Pude presenciar a Zona Oeste de 2014, quando os primeiros moradores começaram a ser abordados por empresários e construtoras com propostas indecentes de compra de suas casas, terrenos e memórias. O recente crescimento dessas construções tem causado movimentos diversos no bairro, que pouco a pouco começa a se articular de uma nova forma para receber outras gerações, que não conhecem de verdade os encontros que a Zona Oeste pode oferecer. O conhecer-se ficou para trás.

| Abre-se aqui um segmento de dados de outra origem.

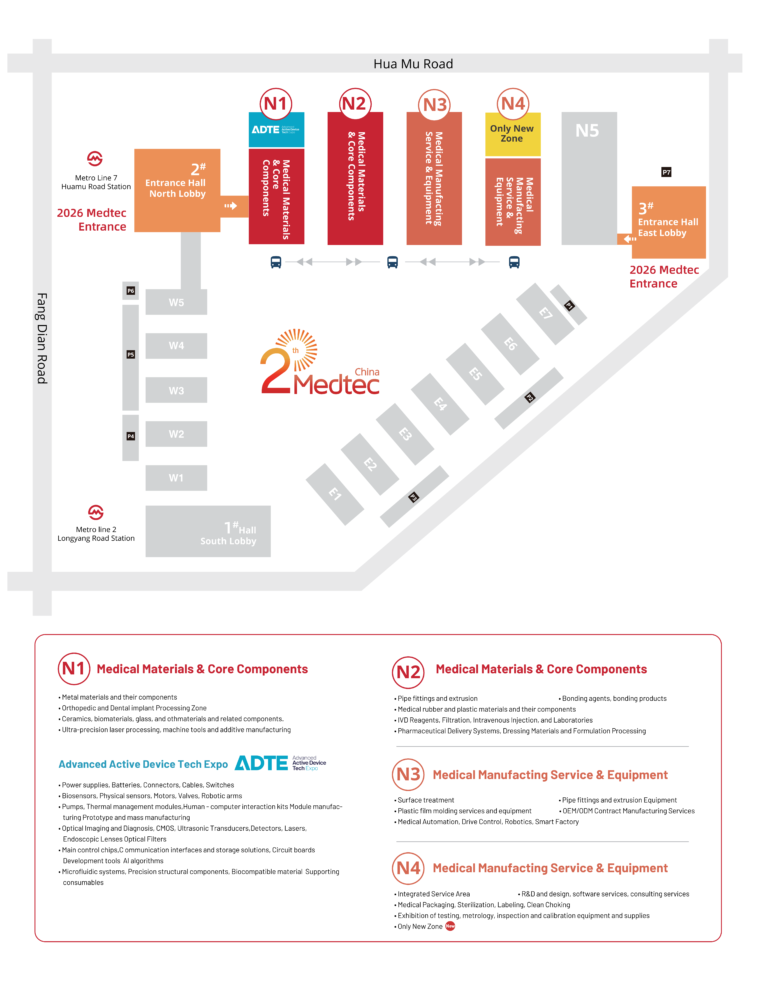 international medical expo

Morei em Perdizes perto da prainha, do lado do Requinte, a poucos metros do Seu Gabim, o baião de dois sagrado das tardes de sábado. As longas caminhadas entre os bairros reforçam a qualidade de vida implícita da Zona Oeste: quase tudo podemos fazer a pé. Toda semana rever a Cayowaá e reparar mais uma torre subindo. Hoje, o carro é a melhor opção para quem chega desavisado nas ruas onduladas da Pompéia. Estrangeiros não sabem que atrás da Rua Clélia, na Lapa há uma casa de nhoque caseiro tocados por duas senhoras, irmãs, que levaram à frente o negócio da família. Temas como este costuram “Resistentes” ampliando o entendimento que nunca é dado saber diretamente à população: como a verticalização realmente opera, nas grandes e pequenas camadas sociais.
A lógica dos shoppings e centros comerciais não funcionam ali, mas quem implementa esse adensamento mobiliário não quer saber disso. Os “piscinões” previstos para serem construídos nas praças da região extinguem os encontros espontâneos que desenham o bairro, e já que o mercado exige retorno financeiro, praças seguem desaparecendo. Muito bem colocadas, as falas e depoimentos ao longo do filme abrem camadas mais profundas do que significa abrir um novo metrô que faça com que ali circulem mais pessoas.
“Resistentes” faz um belo recorte temporal, cultural e afetivo da Zona Oeste de São Paulo que, dentre todas as suas complexidades, continua tendo um jeito, cheiro e muita vida.